Visto en Secretum Meum Mihi
Artículo de la revista Golias, Jul-04-2009. Traducción al español de Panorama Católico Internacional.
Lefebvristas: documento canónico para negociar el engaño
Ante de la redacción de un Motu proprio sobre los Lefebvristas, los servicios del Vaticano están tratando de encontrar una solución intermedia en vistas al reingreso definitivo de los integristas.
Según nuestra información o nuestros informantes, Roma desearía, a raíz de la polémica en torno a las ordenaciones celebradas recientemente en el seno de la Fraternidad San Pío X, encontrar una solución de compromiso, incluso antes de la concreción de negociaciones especificamente teológicas.
Ello permitiría aclarar el panorama e iniciar las cosas más rápido.
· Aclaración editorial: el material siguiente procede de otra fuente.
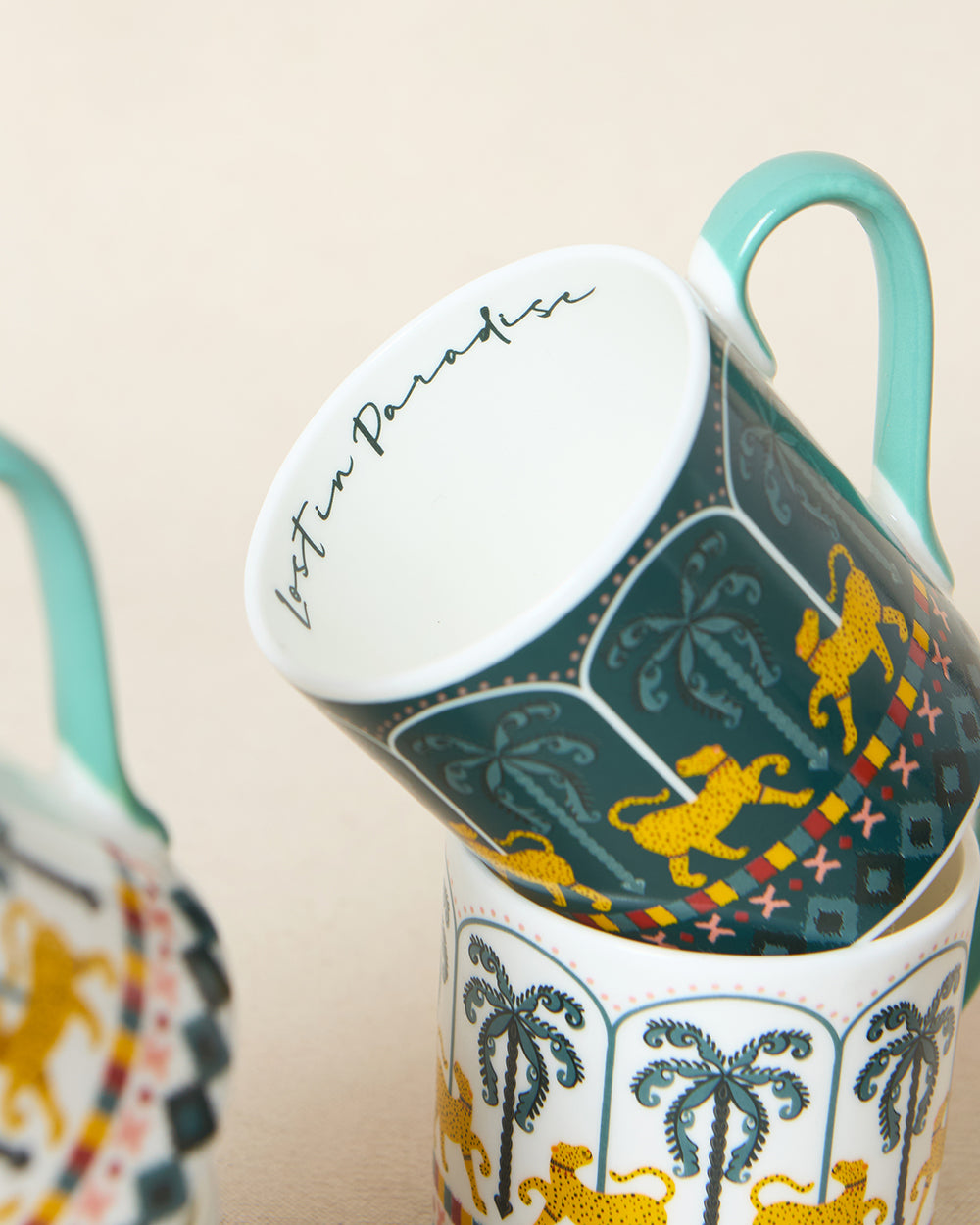 Jungle SoirÃ©e Mugs Gift Set of 6 | Lost in Paradise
Es muy probable que la Curia hubiera previsto, por intermedio de gestiones de Monseñor Mario Marini, secretario de la Comisión «Ecclesia Dei», actualmente fallecido, un documento que permita además de la ya levantada excomunión de los cuatro obispos consagrados por Msr Lefebvre, el levantamiento de la suspensión a divinis impuesta a sacerdotes y clérigos de la featernidad. Monseñor Bernard Fellay, superior de la Fraternidad de San Pío X, mostró reticencias (ya que el documento sería también un compromiso de respetar la autoridad de los obispos locales) de modo que Roma renunció al proyecto de regularización canónica transitoria. Hoy se ha exhumado del olvido.
La idea es obviamente inteligente aún si, desde el punto de vista canónico y, sobre todo teológico, plantea indudables problemas. De hecho pone en cierto modo, aunque sea precario, el carro delante delcaballo suponiendo resuelto, al menos por un tiempo, lo que no lo está.
En el espíritu de Benedicto XVI y en el del Cardenal Darío Castrillón Hoyos, por poco tiempo a cargo del caso, se trata de tener en cuenta las múltiples oposiciones a tal reconocimiento que se facilitarían si la Fraternidad estuviera jurídicamente en regla (aunque sea temporalmente) y no, en las palabras del abad Claude Barthe, en un estado de «ingravidez canónico.» Esta iniciativa romana permitiría establecer la legitimidad (y la innegable validez en los casos de penitencia y matrimonio), de los sacramentos celebrados por los sacerdotes de la Fraternidad.
Además, se trataría de un claro estímulo a la última y un tirón de orejas a los obispos reacios, como los de Alemania. Esta hipótesis podría suscitar incluso en Roma muy fuerte oposición, por ejemplo de los Cardenales Levada (Congregación para la Doctrina de la Fe),y Re (Obispos) y de Mons. Francesco Coccopalmerio, Presidente del Consejo para la Interpretación de los Textos Legislativos debido a que implica la violación de la ley y de su espíritu, pues, en última instancia no obligaría a nadie ni a nada (la Fraternidad puede permanecer en su posición) y sería más que un trámite, un artificio, una solución transitoria y frágil ad hoc. Su única ventaja es el beneficio de San Pío X porque sería una forma de apoyar a la Fraternidad.

Luego de la Cáritas in Veritare que perpetró Ratzinger, además de reconocer el Concilio Vaticano II a Fellay lo van a obligar a jurar adhesión a la Encíclica y veneración a Montini.
Cosas que el Inferior de la Neofraternidad, lanzado como está al acuerdismo obsceno y obsecuente, realizará prestamente.
Usted si que es rapido en juzgar Don Azul. Pongase a pensar.. eso no ha sucedido… y si no sucede.. que hara?